Calculator Inputs
Enter priors and evidence likelihoods for two competing hypotheses. Leave Prior P(H0) blank if you want the calculator to use 1 − P(H1).
Example Data Table
| Scenario | Prior P(H1) | Prior P(H0) | P(E|H1) | P(E|H0) | Bayes Factor | Posterior Ratio | Posterior P(H1) |
|---|---|---|---|---|---|---|---|
| Positive diagnostic test | 0.15 | 0.85 | 0.92 | 0.08 | 11.500000 | 2.029412 | 0.669903 |
| Fraud detection alert | 0.05 | 0.95 | 0.80 | 0.10 | 8.000000 | 0.421053 | 0.296296 |
| Manufacturing defect signal | 0.20 | 0.80 | 0.70 | 0.25 | 2.800000 | 0.700000 | 0.411765 |
These examples show how the same evidence can move posterior support differently when prior beliefs and false-positive rates change.
Formula Used
Prior Odds = P(H1) / P(H0)
Bayes Factor = P(E | H1) / P(E | H0)
Posterior Ratio = Posterior Odds = Prior Odds × Bayes Factor
P(H1 | E) = [P(E | H1) × P(H1)] / {[P(E | H1) × P(H1)] + [P(E | H0) × P(H0)]}P(H0 | E) = 1 − P(H1 | E)
log10 Posterior Ratio = log10(P(H1 | E) / P(H0 | E))ln Posterior Ratio = ln(P(H1 | E) / P(H0 | E))
How to Use This Calculator
- Select whether your inputs are decimals or percentages.
- Name the competing hypotheses and the observed evidence.
- Enter the prior probability for H1, and optionally H0.
- Enter the evidence likelihood under both hypotheses.
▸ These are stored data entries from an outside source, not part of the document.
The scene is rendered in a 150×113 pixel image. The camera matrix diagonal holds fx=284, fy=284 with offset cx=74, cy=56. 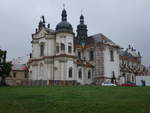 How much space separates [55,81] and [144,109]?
42.4m

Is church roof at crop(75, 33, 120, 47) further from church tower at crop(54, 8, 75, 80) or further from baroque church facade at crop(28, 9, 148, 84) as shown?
church tower at crop(54, 8, 75, 80)

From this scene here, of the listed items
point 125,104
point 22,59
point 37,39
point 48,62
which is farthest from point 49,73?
point 125,104

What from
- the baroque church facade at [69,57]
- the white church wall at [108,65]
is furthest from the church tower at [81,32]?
the white church wall at [108,65]

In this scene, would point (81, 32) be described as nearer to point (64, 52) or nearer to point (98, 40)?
point (98, 40)

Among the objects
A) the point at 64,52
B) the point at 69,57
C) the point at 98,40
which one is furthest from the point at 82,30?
the point at 69,57

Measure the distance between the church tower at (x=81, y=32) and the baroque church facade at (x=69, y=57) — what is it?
0.58 meters

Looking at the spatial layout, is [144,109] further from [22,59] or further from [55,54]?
[22,59]

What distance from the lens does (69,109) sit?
17.6 meters

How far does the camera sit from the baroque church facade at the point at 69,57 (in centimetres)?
5972

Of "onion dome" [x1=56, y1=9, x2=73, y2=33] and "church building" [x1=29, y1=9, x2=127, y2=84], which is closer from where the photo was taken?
"church building" [x1=29, y1=9, x2=127, y2=84]

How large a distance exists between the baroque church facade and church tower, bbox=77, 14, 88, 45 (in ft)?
1.89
- Choose your preferred decimal precision and submit the form.
- Review posterior odds, posterior probabilities, and interpretation.
- Download a CSV file for spreadsheet work or generate a PDF report.
Frequently Asked Questions
1. What does the posterior probability ratio measure?
It compares the updated support for one hypothesis against another after evidence is observed. A value above one favors H1, while a value below one favors H0.
2. How is this different from a posterior probability?
Posterior probability gives the updated probability of one hypothesis alone. Posterior ratio compares both hypotheses directly and is useful for odds-based interpretation and decision thresholds.
3. Why do prior probabilities matter so much?
Priors encode what was believed before the new evidence arrived. Strong evidence can shift beliefs sharply, but weak evidence may not overturn a highly skeptical starting position.
4. What is the Bayes factor in this calculator?
The Bayes factor is the likelihood ratio. It measures how much more compatible the evidence is with H1 than with H0 before the prior odds are applied.
5. Can I leave P(H0) empty?
Yes. If you leave it blank, the calculator automatically sets P(H0) equal to 1 minus P(H1). This is useful for two-hypothesis comparisons.
6. What happens if P(E|H0) is zero?
The likelihood ratio becomes infinite when P(E|H1) remains positive. That means the evidence perfectly excludes H0 under the supplied model assumptions.
7. When should I use log posterior ratios?
Log ratios are useful when odds span many orders of magnitude. They make extreme support easier to compare, plot, and communicate in modeling workflows.
8. Is this calculator suitable for diagnostics and classification?
Yes. It is useful for diagnostics, fraud screening, anomaly detection, A/B testing interpretation, and any setting where evidence updates beliefs between competing hypotheses.